Reports from Cairo say former Egyptian President Hosni Mubarak is critically ill and may be close to death.The 84-year-old is said to have had a stroke, and was moved from prison to life support in an army hospital.
Supporters and opponents gathered outside the hospital through the night, after initial reports said he was "clinically dead".
Mubarak was removed in last year's uprising, and jailed for life for his role in the death of protesters.
There have been frequent reports since then that his health has deteriorated, many of which have proved wrong.
The news comes as tens of thousands of people protest in Cairo's Tahrir Square against a move by the ruling military council to assume new powers.
The rally was called by the Muslim Brotherhood, which is also claiming victory for its candidate Mohammed Mursi in last weekend's presidential elections.
His rival Ahmed Shafiq, a former prime minister under Mubarak, has also said he has won.
Results are expected to be announced on Thursday.
The Muslim Brotherhood has also vowed to retry Mubarak once in power, and insists that he should face the death penalty.
As Egyptians voted, the generals dissolved parliament and claimed all legislative power for themselves.
Activists have described the moves as a "military coup".
Scepticism On Tuesday, Mubarak - who ruled Egypt for 30 years - was transferred by helicopter to intensive care at the Maadi armed forces hospital after suffering a stroke, state media said.
AnalysisThere is now heavy security outside the Maadi Hospital and little more official news emerging about the fate of Hosni Mubarak who has been moved there and is in intensive care.
Since the 84-year-old was taken to Tora Prison Hospital after his conviction at the start of this month, there has been an increase in alerts about his health.
The official Mena news agency said that during Mubarak's latest crisis, which appears to be the most serious yet, his heart stopped beating until he was revived by defibrillation and he suffered a "brain stroke". It then quoted medical sources saying he was "clinically dead" after he was moved to the military hospital.
What has caused some confusion is that security sources told journalists they disputed the term.
While it is too early for obituaries, state TV Channel One has been airing archival footage and pictures of Mubarak as a young military pilot, war hero and during his early days in office when he was popular.
There is no doubt that this is how he would ultimately like to be remembered.
Correspondents say the hospital is better equipped to deal with such conditions than the prison hospital where he was being treated.The former leader is now said to be unconscious and on life support.
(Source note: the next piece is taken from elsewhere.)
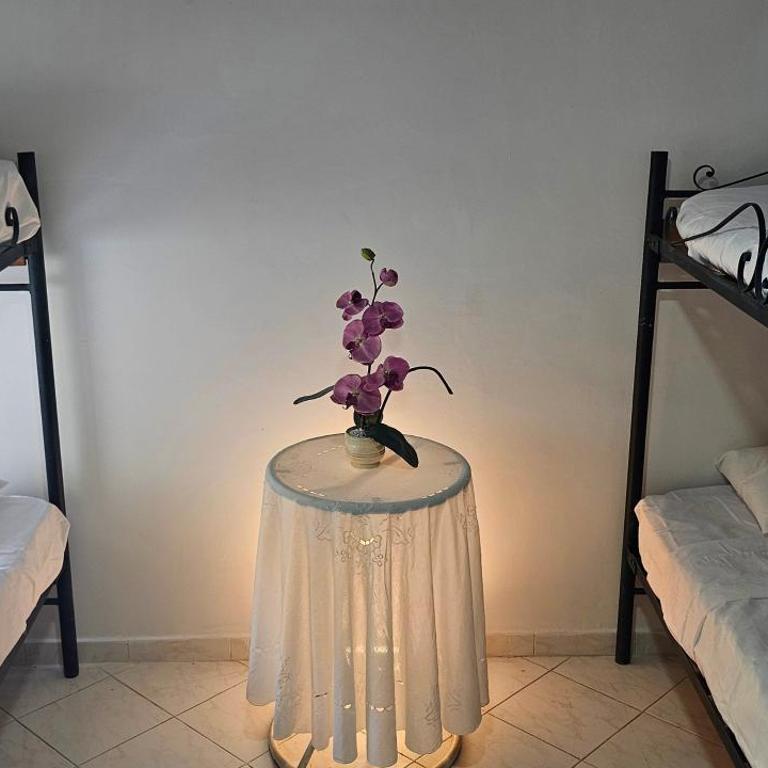 Cabañas Cafeteras Cerritos - Three-Bedroom Villa - 9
Doctors are said to have used a defibrillator on him several times. The device delivers an electric shock to the heart to try to re-establish a normal heartbeat.
There are lots of police officers currently deployed outside the hospital, the BBC's Kevin Connolly reports.
There are also small groups of people - both Mubarak's supporters and protesters against him - who have gathered outside the building, our correspondent says.
One woman, a supporter, was almost shaking with emotion and saying "I love him".
Another supporter, a man, stood holding a poster of Mubarak. "He is my father. I love him more than my father. The Muslim Brotherhood are criminals. They have destroyed our country. Mubarak kept us in peace for 30 years," he said.
A group of anti-Mubarak young men responded by shouting: "We are poor, and he did nothing for us. His family ate meat and we were starving."
"I'm ready to hammer his grave with my shoe," another protester added.
Egyptians will be very sceptical about any reports about the former president's health, the BBC's Jon Leyne in Cairo says.
Before Mubarak's trial began, his lawyer said he was in a coma, only for the former president to appear - alive and conscious, if not particularly well - in court, our correspondent says.
Now there will be fears that the state of Mubarak's health could be used as a distraction, as Egypt waits for the result of the hotly disputed presidential election.
However, our correspondent adds, the latest reports are better sourced than any before.